Sein ganzes Erbe steckte der Essener Kaufmannssohn Friedrich Krupp in den Gussstahl - ein Material, das sich für Bohrer, Meißel oder Münzprägestempel eignete. Doch die englische Erfindung brachte den Krupps zunächst kein Glück.

Von Irene Meichsner | 20.11.2011
    Letztlich war Napoleon schuld. Denn ohne den französischen Kaiser und die von ihm 1806 verhängte "Kontinentalsperre", die jeglichen Handel mit Großbritannien verbot, wäre Friedrich Krupp wohl nicht auf den Gedanken gekommen, sein Glück mit dem Gussstahl zu versuchen. Das Material war stabiler und ließ sich besser formen als herkömmlicher Stahl – eine Erfindung des ehemaligen englischen Uhrmachers Benjamin Huntsman aus Sheffield. Das Verfahren bestand darin, so der Krupp-Biograf Lothar Gall,

    "einen reinen Stahl (ein 'Schmiedeeisen' in der Sprache der Zeit) in einem feuerfesten Tiegel aus Ton in einem koksgefeuerten Schachtofen einzuschmelzen, wodurch die sonst im Stahl verbleibenden Schlackenreste vollständig abgesondert werden konnten."

    Die Engländer hielten das Rezept streng geheim. Friedrich Krupp, 1787 in eine Essener Kaufmannsfamilie geboren, hatte eine Zeit lang die Eisenhütte "Gute Hoffnung" geleitet, den Betrieb dabei allerdings an den Rand des Ruins getrieben. Nach dem Tod seiner Großmutter, der geschäftstüchtigen Helene Amalie Krupp, beschloss er, das von ihr geerbte Vermögen in den Gussstahl zu investieren. Er werde das Material, das sich für Bohrer, Meißel oder Münzprägestempel eignete, in ganz Europa verkaufen, versprach der 24-jährige Jungunternehmer.

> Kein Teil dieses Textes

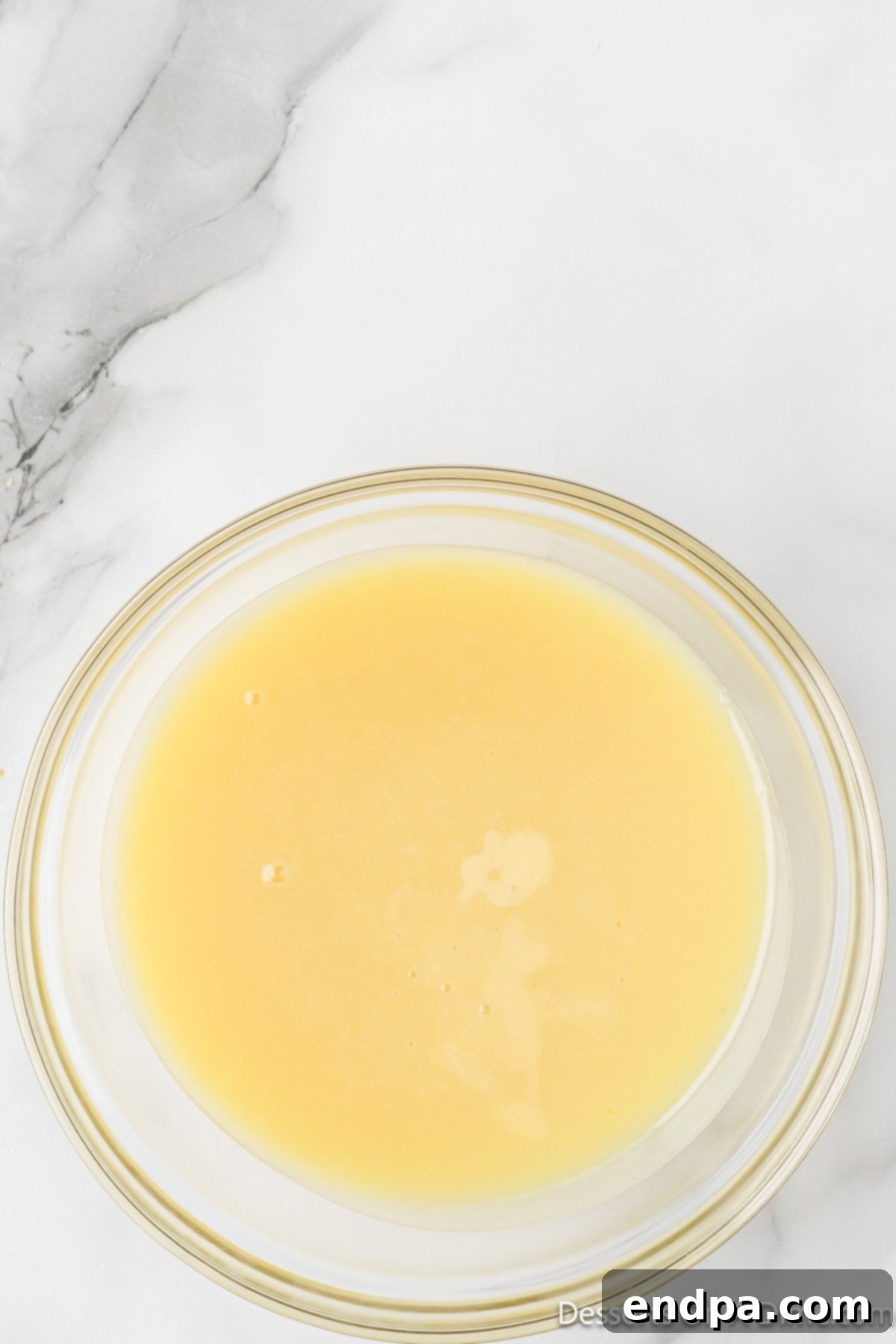 The chilled and firmed white chocolate ganache in a glass bowl, ready to be scooped and shaped.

    Am 20. November 1811 wurde die "Firma Friedrich Krupp zur Verfertigung des Englischen Gussstahls und aller daraus resultierenden Fabrikationen" gegründet. Krupps Teilhaber, die Brüder Carl Georg und Wilhelm Georg Ludwig von Kechel, zwei ehemalige Offiziere, gaben vor, sich mit dem Gussstahl auszukennen. Sie verpflichteten sich,

    "all jene erforderlichen Kenntnisse und Wissenschaften, zusammt allen Handgriffen, die zur praktischen Kenntniß der Fabrik zu wissen nöthig sind, dem Herrn Friederich Krupp gründlich beizubringen und zu lehren".

    Krupp ließ in Altenessen einen Schmelzbau und ein Hammergebäude errichten. Nach drei Jahren, als sein Erbe fast aufgezehrt war, musste er sich eingestehen,

    "dass die besagten Herren v. Kechel ihre übernommenen Verpflichtungen nie zu effectuiren im Stande sind".

    Mit dem nächsten Partner klappte es auch nicht besser. Krupp versuchte die Sache im Alleingang. Der Historiker Lothar Gall:

    "Und hier, in der praktischen Arbeit, zeigte sich, dass er (…) eben doch mehr war als ein bloßer Fantast, mehr als ein unsolider Luftikus."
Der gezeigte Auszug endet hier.